Douglas – Past Public Lands Council president Jim Magagna spoke Aug. 18 at the annual Cattlemen’s Conference in Douglas about the El Paso/Ruby Pipeline public lands issue, and the resulting negotiations.
“About a month and a half ago a joint press release from El Paso and Western Watersheds Project (WWP) and the Oregon Natural Desert Association (ONDA) was released, stating that in return for a commitment from WWP to withdraw a threat to file a lawsuit delaying the construction of the Ruby Pipeline, El Paso would pay them $21 million into two funds set up and jointly administered – one by WWP and El Paso, and the other by ONDA and El Paso,” Magagna began.
“I assume, first and foremost, that everyone is somewhat aware of WWP. Their sole and stated purpose is to eliminate all public land grazing in the west on Forest Service, BLM and other lands,” he explained. “These funds would be used for a number of pro-conservation and litigation activities. Most notable to us was that they would also be used to buy up federal grazing permits from ‘willing’ sellers.”
He continued that a “willing” seller is almost always someone who has had enough litigation and permit pressure that they have no choice left beyond selling.
“There are confidentiality provisions on those agreements, so we haven’t seen them. But information was shared that El Paso would work with the environmental community in Congress to change the Taylor Grazing Act as it stands today. The change would allow monies from these funds to pay someone for their permit, and that permit would then be permanently retired, with no more grazing on that allotment or area. Today the BLM must re-admit a relinquished permit to a qualified applicant.
“We were able to arrange an initial meeting with El Paso leadership and placed in front of them our demand as the public livestock industry representative that those agreements be negated. Either break the agreements, find a way out of them or significantly amend them so they don’t include monies that could be used to acquire grazing permits,” said Magagna of the Public Lands Council’s demands.
“They said they would take our demands under advisement. They acknowledged they were embarrassed and walked blindfolded down this path. Their goal was to get this pipeline in the ground, and the threat of litigation was so potentially costly that $21 million over 10 years seemed like a pretty good bargain, even though it was a deal with the devil, as they’ve come to realize and believe,” noted Magagna.
A week later another meeting was held between public lands grazing representatives and El Paso.
“As I understand it, this went all the way up the corporate ladder to Houston, and the decision was made that they should not have done this and it was bad for El Paso and the industry. But, they also said that in their 100-year history they have honored all contracts, good, bad or otherwise, and they weren’t going to break this one,” explained Magagna.
He adds they did offer to go back to WWP with some changes, but that what they proposed was “significantly inadequate.”
“When it became apparent El Paso wasn’t going to beak their contracts with these organizations, we considered our options.
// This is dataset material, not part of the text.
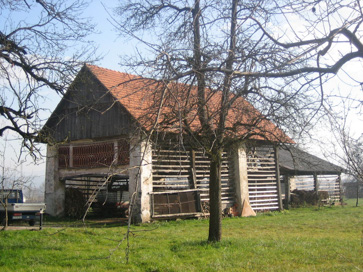 Log pri Brezovici - Toplar pri hiši Loška 21a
While we could file a lawsuit as an industry, they had already been granted their permits and it was unlikely we would accomplish anything by appealing, beyond further delaying the pipeline.
“We finally told them, ‘You are empowering our enemies. If you’re not willing to undo that, or feel you can’t, then at a minimum you need to empower us so we are better able to deal with our enemies.’ There was no threat to sue, because then we would be no better than WWP. Rather, it was telling them that if they are sincere in what they’re telling us and value our relationship and want to continue working with us, they need to help us strengthen our industry,” said Magagna.
The result of the meeting was a $50 million endowment administered through a separate entity by a board consisting of an El Paso representative and a member of the public lands grazing industry.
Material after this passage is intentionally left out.